The turn metrics were duration, mean angular velocity and peak angular velocity (in degrees per second) of every turn22.

Only variables with a percentage of missing data lower than 5% were considered. Outliers were defined by a value higher or lower than 3 standard deviations of the disease-specific group and were excluded from the analyses.

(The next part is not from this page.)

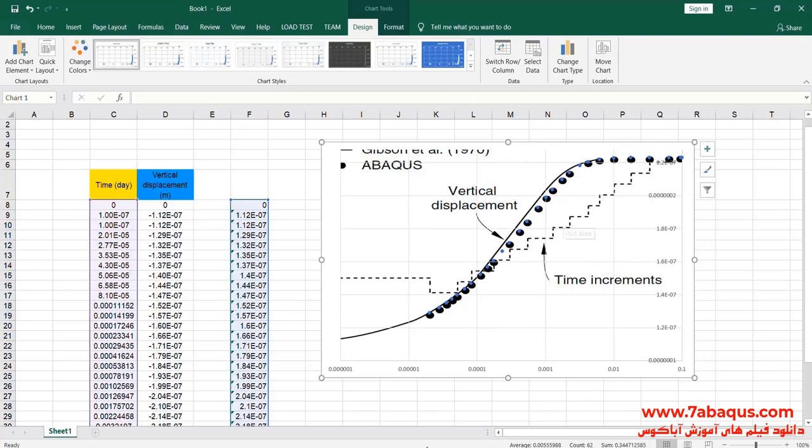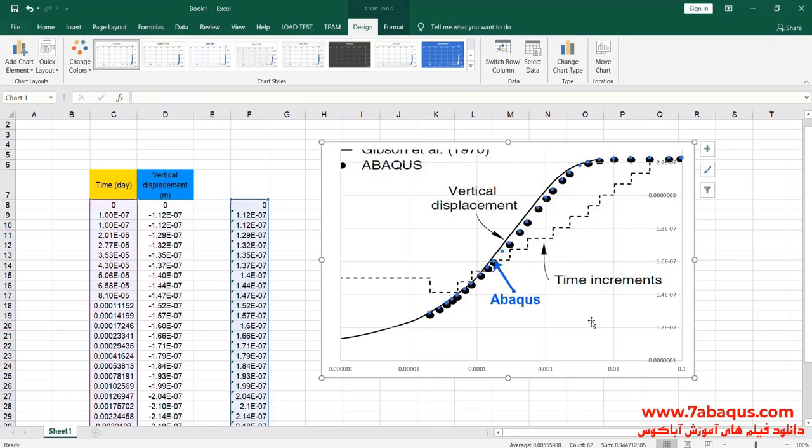Here the diagram drawn with blue color is the diagram obtained from the Abaqus software. As you observe, the results gained from the Abaqus software are quite concordant with Gibson solution and the outcomes are extremely similar to each other.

The percentage of variation in fast speed in comparison to normal speed was calculated as follows for mean and peak angular velocities: % variation= fast velocity- normal velocity/normal velocity.

Statistical analyses

Differences in demographic and clinical parameters between participants with iRBD, PD and controls were checked for their normality distribution with Shapiro–Wilk test and assessed with parametric ANOVA for continuous variables and chi-square test for categorical variables. Accordingly, either parametric or non-parametric univariate analysis were used for between-group analyses, adjusting for age and sex. Similar to Van Uem et al.8, mean values from the clockwise and counterclockwise turns were used. Between-group differences from the turning parameters were calculated using ANCOVA adjusting for age and sex. Bonferroni correction was applied to the post-hoc pairwise comparisons.

All analyses were 2-tailed, and p < 0.05 considered as statistically significant. For the analyses of digital parameters, a multiple comparison adjustment was adopted and statistical significance was set to p < 0.006. Statistical analyses were performed using IBM SPSS statistics version 26.